For an engineer who designs quality keeping system for respiring products, he should clearly understand the whole thing he does, keep in mind which factors and procedures are the sticking points that will defeat or survive the project. Jacxsens, Devlieghere and Debevere experimentally demonstrated that temperature control was of paramount importance for the successful usage of equilibrium MAP for minimally processed fresh produce [27]. The input importance analysis tells us temperature management also has the first importance to papaya storage. Since the respiration rate of papaya is identified as most sensitive to temperature, slight fluctuation in temperature will rock the respiration significantly, bringing damage to modified or controlled atmosphere and causing disorders in fruit metabolism. Input importance analysis provides a theoretical support for the cognition of the importance of temperature management.

As a climacteric fruit, papaya exhibits respiration intensities varying with ripening evolution [8, 11, 13]. To create good designs of storage systems for papaya, maturity requires more attention prior to designing. However, papaya will continue to ripen during storage even at low temperature and modified atmospheres, which can lead to changes in respiration rates [28, 29]. This unfavourable influence was controlled in this research through reducing experimental duration to about 10 h, with still ensuring sufficient data samplings required by the model establishment (see Table 1). It will be interesting to add a new input variable, storage time, to extend the four-factorial ANN model into a five-factorial one. This problem remains to be examined in the future work.

Conclusion

To effectively design preservation systems for fresh produce, respiration rate of the selected product need to be modelled. Usually, simple models with not more than three parameters are developed and used to the prediction of respiration rate. These models assume a given maturity stage for the studied product and respiratory quotient thereof equalling to unity, which is often not suitable for the commodities of respiring climacteric. In this paper, these assumptions are abandoned. Taking the papaya as a case study, multivariate models were proposed to comprehensively describe effects of four factors (CO2 and O2 concentrations, temperature and maturity) on the rates of CO2 production and O2 uptake using regressive equation and ANN method, respectively.

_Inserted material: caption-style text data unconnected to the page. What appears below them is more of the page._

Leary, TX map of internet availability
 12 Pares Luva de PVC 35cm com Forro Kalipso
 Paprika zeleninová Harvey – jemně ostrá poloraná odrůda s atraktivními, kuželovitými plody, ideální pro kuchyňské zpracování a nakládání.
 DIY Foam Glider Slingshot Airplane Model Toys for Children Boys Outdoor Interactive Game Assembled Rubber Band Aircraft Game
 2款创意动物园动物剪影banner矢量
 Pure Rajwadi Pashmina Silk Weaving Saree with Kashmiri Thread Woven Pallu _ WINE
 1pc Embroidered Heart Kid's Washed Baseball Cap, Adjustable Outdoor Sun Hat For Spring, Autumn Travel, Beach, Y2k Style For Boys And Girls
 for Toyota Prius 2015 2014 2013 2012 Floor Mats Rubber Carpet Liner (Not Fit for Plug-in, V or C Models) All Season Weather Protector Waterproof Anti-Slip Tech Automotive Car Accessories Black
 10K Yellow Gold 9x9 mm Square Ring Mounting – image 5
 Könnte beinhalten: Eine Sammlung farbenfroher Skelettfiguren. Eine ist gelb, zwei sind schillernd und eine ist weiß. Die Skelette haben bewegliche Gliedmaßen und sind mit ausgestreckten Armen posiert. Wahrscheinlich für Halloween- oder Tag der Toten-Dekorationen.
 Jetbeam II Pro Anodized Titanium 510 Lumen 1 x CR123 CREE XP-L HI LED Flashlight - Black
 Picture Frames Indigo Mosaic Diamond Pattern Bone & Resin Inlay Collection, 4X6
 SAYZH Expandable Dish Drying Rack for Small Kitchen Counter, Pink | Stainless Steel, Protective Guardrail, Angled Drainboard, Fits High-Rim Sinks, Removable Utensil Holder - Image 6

The conclusion is that the use of second-order polynomial model created on regression method is impracticable because of its low prediction accuracy; the BP-ANN model with a 4-15-2 architecture trained by the Levenberg–Marquardt algorithm is highly effective and can be used to predict the respiration rate of fresh papaya. The result of input importance analysis confirms the importance of rigorous temperature regulation for papaya storage. By introducing the ANN technology into the respiration modelling field, this paper extends the research scope of the respiration modelling from three affecting variables into four and thus is expected to provide more reliable respiration data for the postharvest storage of papaya fruit.